The following then is code that implements that. Note that for simplicity, I have removed the use of bfloat16 and instead am using fp16. This should not matter conceptually for understanding how the op works:
$ cat t10.cu
#include <mma.h>
#include <cuda_fp16.h>
#include <iostream>
#include <stdio.h>
__global__ void mma_fp16_acc_fp32(float *out) {
float c[4] = {0., 0., 0., 0.};
float d[4] = {0., 0., 0., 0.};
half a[4] = {1., 1., 1., 1.};
half b[2] = {1., 1.};
// the above would set our input matrices to all 1
// now lets modify some values
if (threadIdx.x%4 == 0) {
// set the first column of A to be 0, 1, 2, 3, ... 15
a[0] = threadIdx.x/4; a[2] = threadIdx.x/4 + 8;
// set the second row of B to 3,3,3, ... 3
b[1] = 3;}
unsigned const *A = reinterpret_cast<unsigned const *>(&a);
unsigned const *B = reinterpret_cast<unsigned const *>(&b);
float const *C = reinterpret_cast<float const *>(&c);
float *D = reinterpret_cast<float *>(&d);
asm(
"mma.sync.aligned.m16n8k8.row.col.f32.f16.f16.f32 "
"{%0,%1,%2,%3}, {%4,%5}, {%6}, {%7,%8,%9,%10};\n"
: "=f"(D[0]), "=f"(D[1]), "=f"(D[2]), "=f"(D[3])
:
"r"(A[0]), "r"(A[1]),
"r"(B[0]),
"f"(C[0]), "f"(C[1]), "f"(C[2]), "f"(C[3])
);
memcpy(out+threadIdx.x*2, D, 8);
memcpy(out+8*8+threadIdx.x*2, D+2, 8);
}
int main() {
float* h_C = (float*)malloc(16*8*sizeof(float));
float* d_C;
cudaMalloc(&d_C, 16*8*sizeof(float));
mma_fp16_acc_fp32<<<1, 32>>>(d_C);
cudaDeviceSynchronize();
cudaMemcpy(h_C, d_C, 16*8*sizeof(float), cudaMemcpyDeviceToHost);
for (int i = 0; i < 16; i++){
for (int j = 0; j < 8; j++) std::cout << h_C[i*8+j] << " ";
std::cout << std::endl;}
}
$ nvcc -o t10 t10.cu -arch=sm_75
$ cuda-memcheck ./t10
========= CUDA-MEMCHECK
9 9 9 9 9 9 9 9
10 10 10 10 10 10 10 10
11 11 11 11 11 11 11 11
12 12 12 12 12 12 12 12
13 13 13 13 13 13 13 13
14 14 14 14 14 14 14 14
15 15 15 15 15 15 15 15
16 16 16 16 16 16 16 16
17 17 17 17 17 17 17 17
18 18 18 18 18 18 18 18
19 19 19 19 19 19 19 19
20 20 20 20 20 20 20 20
21 21 21 21 21 21 21 21
22 22 22 22 22 22 22 22
23 23 23 23 23 23 23 23
24 24 24 24 24 24 24 24
========= ERROR SUMMARY: 0 errors
$
In order to understand the if
statement in the kernel code (and likewise for the final memcpy
statements), which is selecting specific matrix rows and columns, by selecting particular elements of the fragments distributed across the warp, I encourage you to study the charts indicating fragment organization in the documentation.

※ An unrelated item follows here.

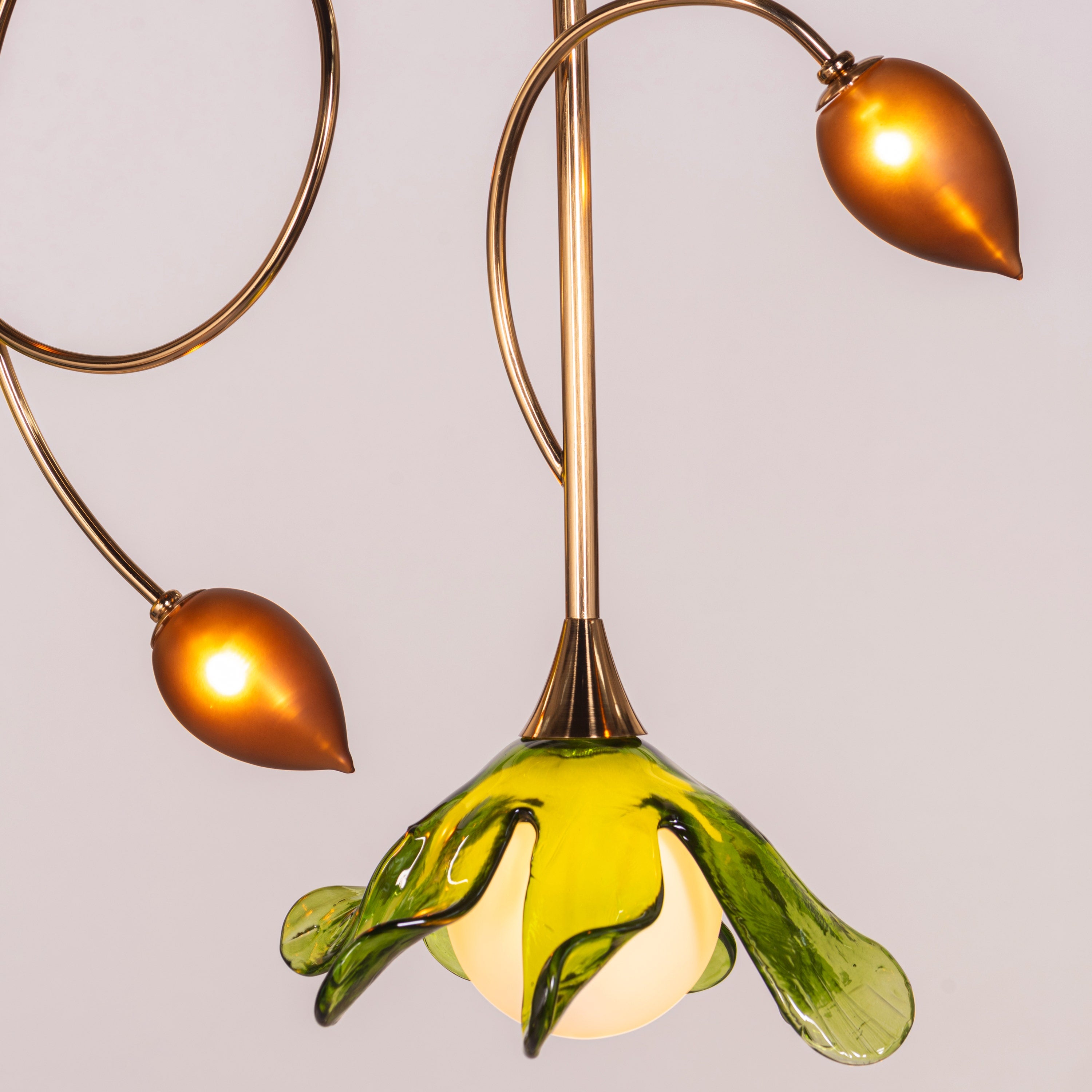 Midori Meadow (Gold, Green & Amber) Tinted Glass Chandelier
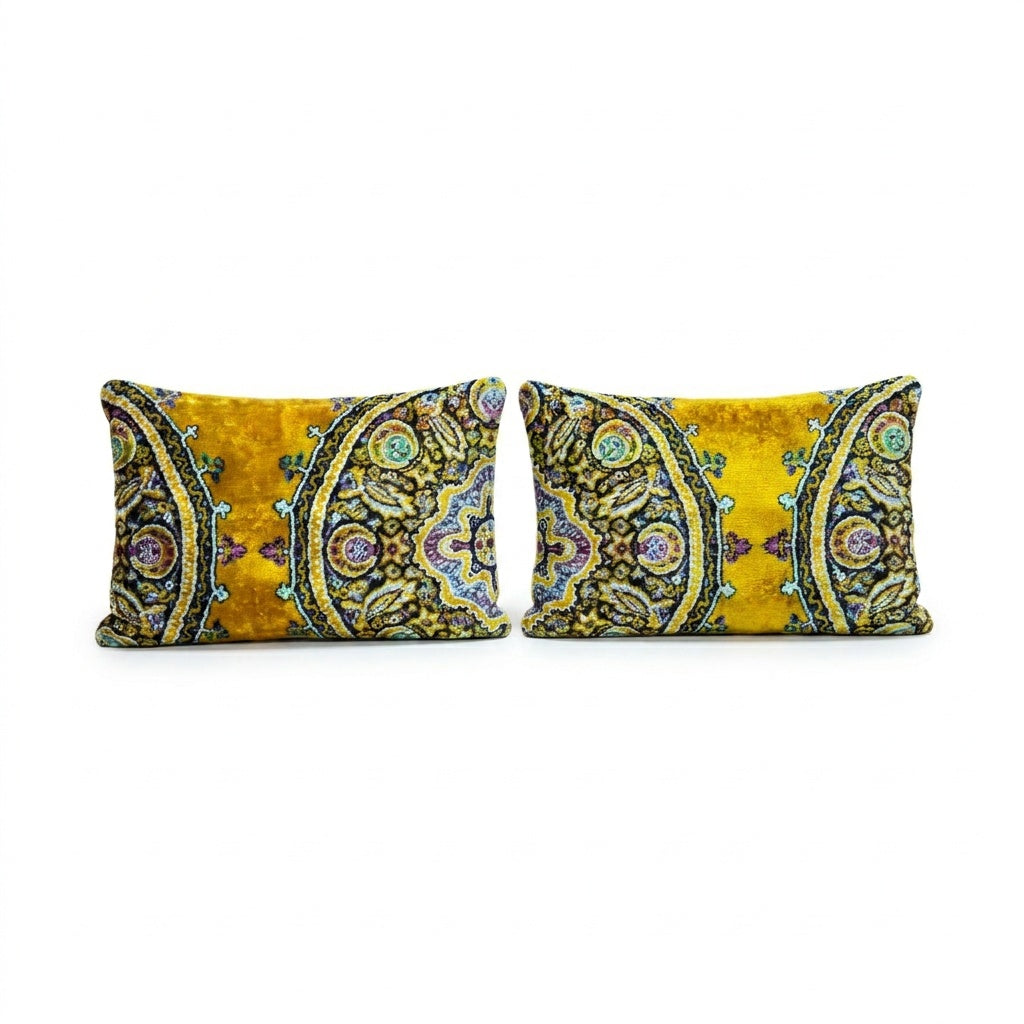 Uzbek Velvet Pillow Cover Set of 2 | 16'' x 24''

I would also point out that this code is just for understanding the behavior of the selected op. I’m not suggesting this code is how you would write a bulk, efficient matrix-matrix multiply routine. For that I would refer you to CUTLASS.